Information shown
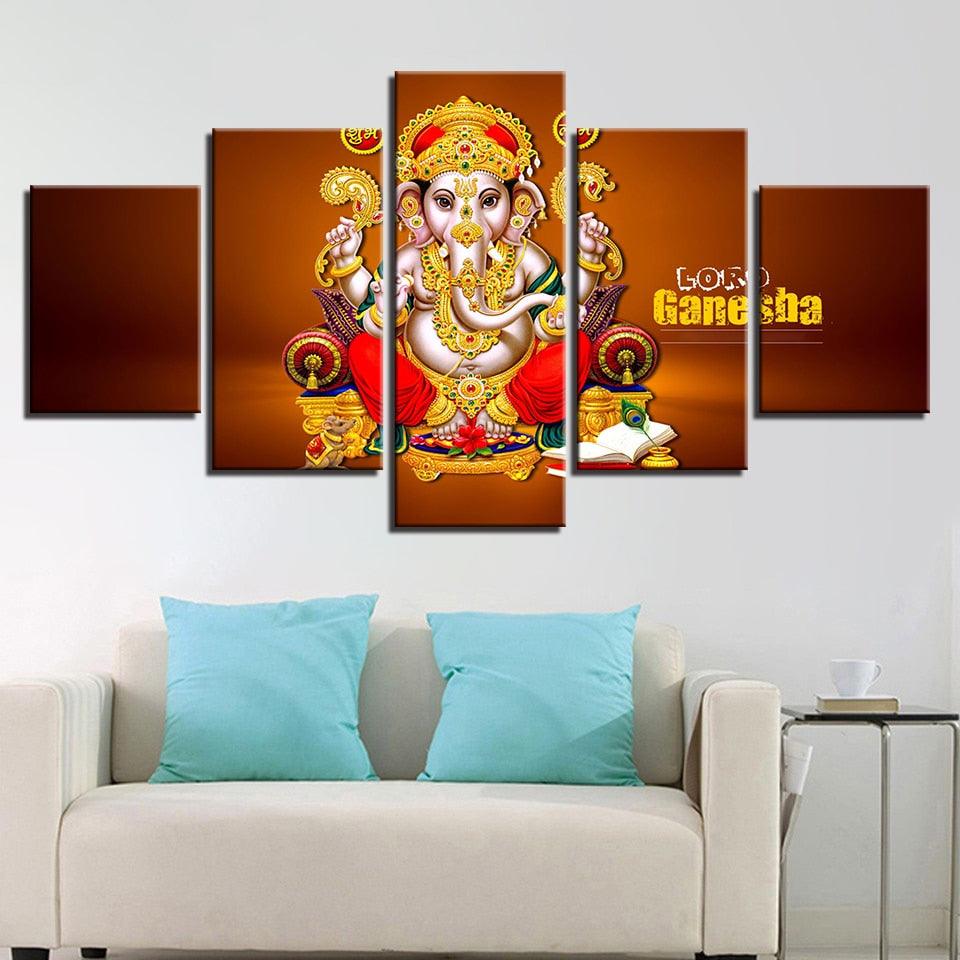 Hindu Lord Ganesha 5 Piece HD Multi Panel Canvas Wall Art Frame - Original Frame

* * *

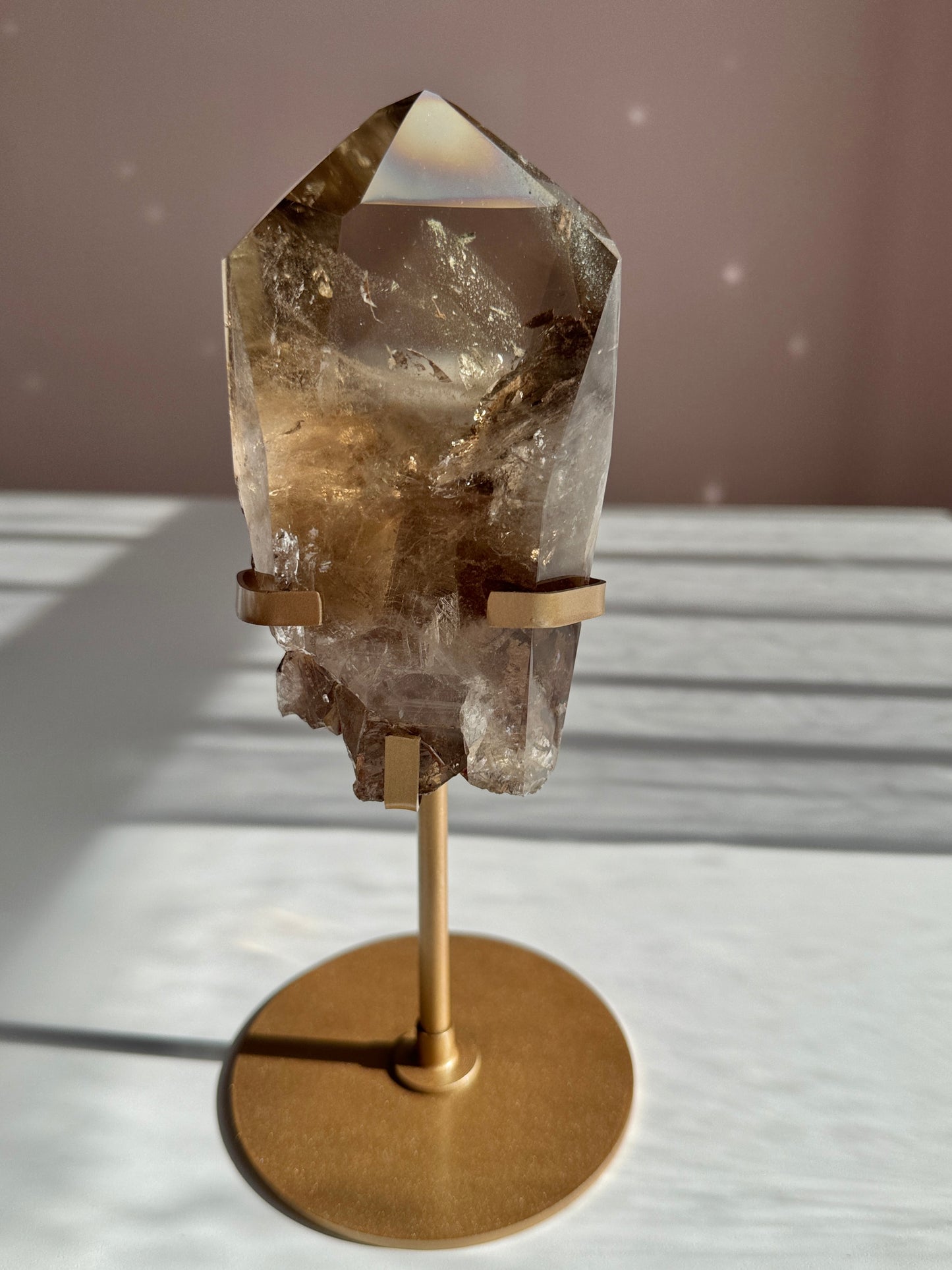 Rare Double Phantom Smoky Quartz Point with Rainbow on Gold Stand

---

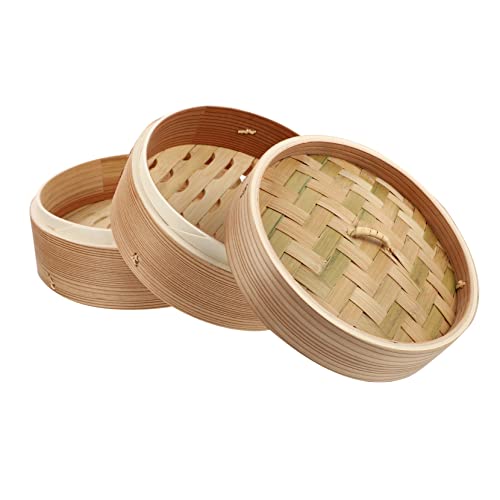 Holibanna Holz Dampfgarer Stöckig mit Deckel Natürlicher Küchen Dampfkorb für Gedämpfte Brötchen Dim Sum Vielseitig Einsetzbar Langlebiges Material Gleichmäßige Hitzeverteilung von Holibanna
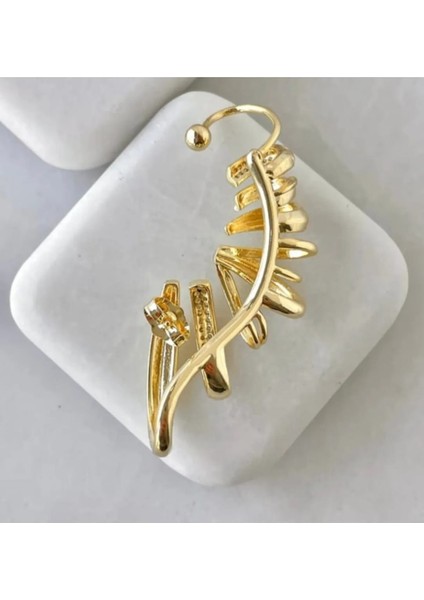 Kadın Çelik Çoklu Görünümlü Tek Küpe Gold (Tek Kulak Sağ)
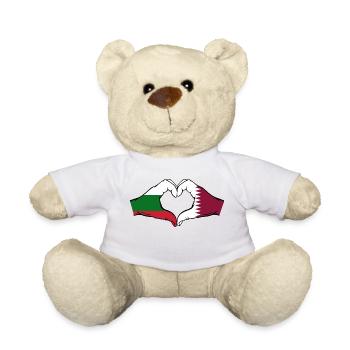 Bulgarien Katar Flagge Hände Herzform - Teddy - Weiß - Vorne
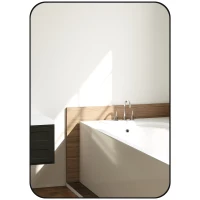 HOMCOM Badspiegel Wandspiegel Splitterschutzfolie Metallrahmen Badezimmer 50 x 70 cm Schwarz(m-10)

Work instruction
From the records above, copy only the lines running from the line holding "Bulgarien Katar Flagge" through the line holding "HOMCOM Badspiegel Wandspiegel", with no pictures.

Solution
 Bulgarien Katar Flagge Hände Herzform - Teddy - Weiß - Vorne
 HOMCOM Badspiegel Wandspiegel Splitterschutzfolie Metallrahmen Badezimmer 50 x 70 cm Schwarz(m-10)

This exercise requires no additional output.